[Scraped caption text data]
_ _ _

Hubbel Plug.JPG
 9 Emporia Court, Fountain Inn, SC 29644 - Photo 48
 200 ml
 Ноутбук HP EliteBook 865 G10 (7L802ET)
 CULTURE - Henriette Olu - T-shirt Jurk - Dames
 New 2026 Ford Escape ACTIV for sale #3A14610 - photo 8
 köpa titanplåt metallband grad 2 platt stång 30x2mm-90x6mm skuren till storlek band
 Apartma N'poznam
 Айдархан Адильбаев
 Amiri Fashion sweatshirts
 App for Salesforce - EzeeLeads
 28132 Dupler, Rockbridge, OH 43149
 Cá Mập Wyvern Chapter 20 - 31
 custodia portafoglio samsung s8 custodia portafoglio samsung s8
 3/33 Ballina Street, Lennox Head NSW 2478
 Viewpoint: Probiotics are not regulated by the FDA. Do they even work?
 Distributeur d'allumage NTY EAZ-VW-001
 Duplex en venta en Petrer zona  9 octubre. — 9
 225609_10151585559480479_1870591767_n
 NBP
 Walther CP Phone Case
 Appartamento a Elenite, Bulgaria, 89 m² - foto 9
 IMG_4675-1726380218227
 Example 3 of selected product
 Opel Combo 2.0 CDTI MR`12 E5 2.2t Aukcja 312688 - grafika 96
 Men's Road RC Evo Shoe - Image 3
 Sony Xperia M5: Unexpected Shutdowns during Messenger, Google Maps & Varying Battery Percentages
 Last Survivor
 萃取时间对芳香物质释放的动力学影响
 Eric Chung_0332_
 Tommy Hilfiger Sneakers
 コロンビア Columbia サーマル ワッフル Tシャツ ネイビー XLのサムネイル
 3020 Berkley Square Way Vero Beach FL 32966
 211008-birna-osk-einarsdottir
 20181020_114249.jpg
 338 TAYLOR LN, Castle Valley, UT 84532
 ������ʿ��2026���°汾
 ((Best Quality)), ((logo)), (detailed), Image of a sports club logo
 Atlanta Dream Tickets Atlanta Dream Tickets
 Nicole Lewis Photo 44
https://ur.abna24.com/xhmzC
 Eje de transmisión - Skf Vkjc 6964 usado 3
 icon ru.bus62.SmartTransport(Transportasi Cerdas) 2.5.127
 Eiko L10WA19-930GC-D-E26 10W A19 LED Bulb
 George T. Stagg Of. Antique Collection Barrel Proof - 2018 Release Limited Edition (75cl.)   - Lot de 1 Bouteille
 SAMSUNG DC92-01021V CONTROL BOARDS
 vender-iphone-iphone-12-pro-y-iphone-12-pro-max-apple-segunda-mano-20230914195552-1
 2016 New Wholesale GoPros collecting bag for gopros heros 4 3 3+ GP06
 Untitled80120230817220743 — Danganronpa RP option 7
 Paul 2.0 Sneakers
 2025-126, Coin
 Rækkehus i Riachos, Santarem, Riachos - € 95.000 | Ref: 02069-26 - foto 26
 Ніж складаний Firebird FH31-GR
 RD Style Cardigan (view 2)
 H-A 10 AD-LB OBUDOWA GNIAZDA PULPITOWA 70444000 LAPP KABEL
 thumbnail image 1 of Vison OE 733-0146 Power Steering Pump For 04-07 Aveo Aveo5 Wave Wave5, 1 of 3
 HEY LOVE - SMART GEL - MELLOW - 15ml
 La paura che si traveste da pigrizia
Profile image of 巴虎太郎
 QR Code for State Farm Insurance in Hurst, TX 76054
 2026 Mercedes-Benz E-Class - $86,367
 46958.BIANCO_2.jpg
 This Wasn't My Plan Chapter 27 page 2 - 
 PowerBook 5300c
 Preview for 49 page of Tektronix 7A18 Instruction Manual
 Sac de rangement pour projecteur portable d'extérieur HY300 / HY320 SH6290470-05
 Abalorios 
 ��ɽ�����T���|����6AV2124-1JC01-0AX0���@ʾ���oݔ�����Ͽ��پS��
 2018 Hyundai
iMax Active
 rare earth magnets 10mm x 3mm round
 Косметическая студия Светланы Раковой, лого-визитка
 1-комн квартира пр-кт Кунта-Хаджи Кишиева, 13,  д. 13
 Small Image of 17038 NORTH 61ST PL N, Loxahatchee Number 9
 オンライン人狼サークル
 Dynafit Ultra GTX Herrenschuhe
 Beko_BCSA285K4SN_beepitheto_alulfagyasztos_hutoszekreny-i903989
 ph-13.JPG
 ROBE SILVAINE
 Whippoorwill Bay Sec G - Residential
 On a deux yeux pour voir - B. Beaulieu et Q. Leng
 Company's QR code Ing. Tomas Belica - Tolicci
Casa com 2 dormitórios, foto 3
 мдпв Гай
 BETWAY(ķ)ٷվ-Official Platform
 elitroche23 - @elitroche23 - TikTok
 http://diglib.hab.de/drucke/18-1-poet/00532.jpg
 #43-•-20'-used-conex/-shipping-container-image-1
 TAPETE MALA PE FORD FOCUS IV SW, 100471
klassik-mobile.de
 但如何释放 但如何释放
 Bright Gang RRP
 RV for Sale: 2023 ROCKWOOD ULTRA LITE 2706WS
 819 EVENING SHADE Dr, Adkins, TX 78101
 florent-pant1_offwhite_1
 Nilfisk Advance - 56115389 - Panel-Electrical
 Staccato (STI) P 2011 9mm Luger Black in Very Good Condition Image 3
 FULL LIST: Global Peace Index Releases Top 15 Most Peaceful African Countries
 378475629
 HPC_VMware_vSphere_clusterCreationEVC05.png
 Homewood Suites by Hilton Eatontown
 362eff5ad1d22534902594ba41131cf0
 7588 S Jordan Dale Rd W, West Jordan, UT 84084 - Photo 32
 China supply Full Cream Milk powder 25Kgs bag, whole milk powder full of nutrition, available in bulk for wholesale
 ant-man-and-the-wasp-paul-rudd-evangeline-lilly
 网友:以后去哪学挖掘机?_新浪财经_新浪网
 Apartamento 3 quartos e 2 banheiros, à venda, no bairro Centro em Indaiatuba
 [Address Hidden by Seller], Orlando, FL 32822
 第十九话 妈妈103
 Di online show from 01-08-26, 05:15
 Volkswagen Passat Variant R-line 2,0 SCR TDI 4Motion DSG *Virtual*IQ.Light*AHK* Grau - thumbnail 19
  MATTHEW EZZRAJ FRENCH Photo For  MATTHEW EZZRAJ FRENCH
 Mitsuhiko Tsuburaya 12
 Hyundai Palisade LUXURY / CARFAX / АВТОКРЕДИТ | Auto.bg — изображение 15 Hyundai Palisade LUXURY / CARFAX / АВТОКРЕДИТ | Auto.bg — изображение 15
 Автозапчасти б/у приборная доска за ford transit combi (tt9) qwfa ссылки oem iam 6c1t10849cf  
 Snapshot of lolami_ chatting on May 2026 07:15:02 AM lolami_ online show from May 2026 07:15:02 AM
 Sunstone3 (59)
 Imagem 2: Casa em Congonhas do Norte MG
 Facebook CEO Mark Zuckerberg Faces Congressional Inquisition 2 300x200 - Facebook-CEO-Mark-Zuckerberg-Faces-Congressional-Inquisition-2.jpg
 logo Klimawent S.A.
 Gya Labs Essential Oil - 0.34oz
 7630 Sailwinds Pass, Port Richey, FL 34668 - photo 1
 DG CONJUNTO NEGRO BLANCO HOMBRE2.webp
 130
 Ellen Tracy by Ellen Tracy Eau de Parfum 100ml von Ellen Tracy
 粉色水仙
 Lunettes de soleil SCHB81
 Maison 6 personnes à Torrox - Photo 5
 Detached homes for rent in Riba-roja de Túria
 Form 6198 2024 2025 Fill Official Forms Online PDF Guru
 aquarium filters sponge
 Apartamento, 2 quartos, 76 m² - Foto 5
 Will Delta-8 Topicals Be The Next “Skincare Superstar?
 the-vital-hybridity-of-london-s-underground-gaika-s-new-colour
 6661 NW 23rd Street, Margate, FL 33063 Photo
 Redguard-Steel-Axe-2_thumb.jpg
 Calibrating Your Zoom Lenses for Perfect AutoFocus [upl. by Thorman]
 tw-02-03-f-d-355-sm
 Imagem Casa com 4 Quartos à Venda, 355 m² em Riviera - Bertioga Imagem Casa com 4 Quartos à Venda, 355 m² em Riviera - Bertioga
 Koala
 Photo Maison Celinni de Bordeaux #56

_ _ _

> WHAT TO WORK ON
Transcribe only what runs from the line with "Calibrating Your Zoom" to the last line above, keeping every line exactly as written.

> FINAL ANSWER
 Calibrating Your Zoom Lenses for Perfect AutoFocus [upl. by Thorman]
 tw-02-03-f-d-355-sm
 Imagem Casa com 4 Quartos à Venda, 355 m² em Riviera - Bertioga Imagem Casa com 4 Quartos à Venda, 355 m² em Riviera - Bertioga
 Koala
 Photo Maison Celinni de Bordeaux #56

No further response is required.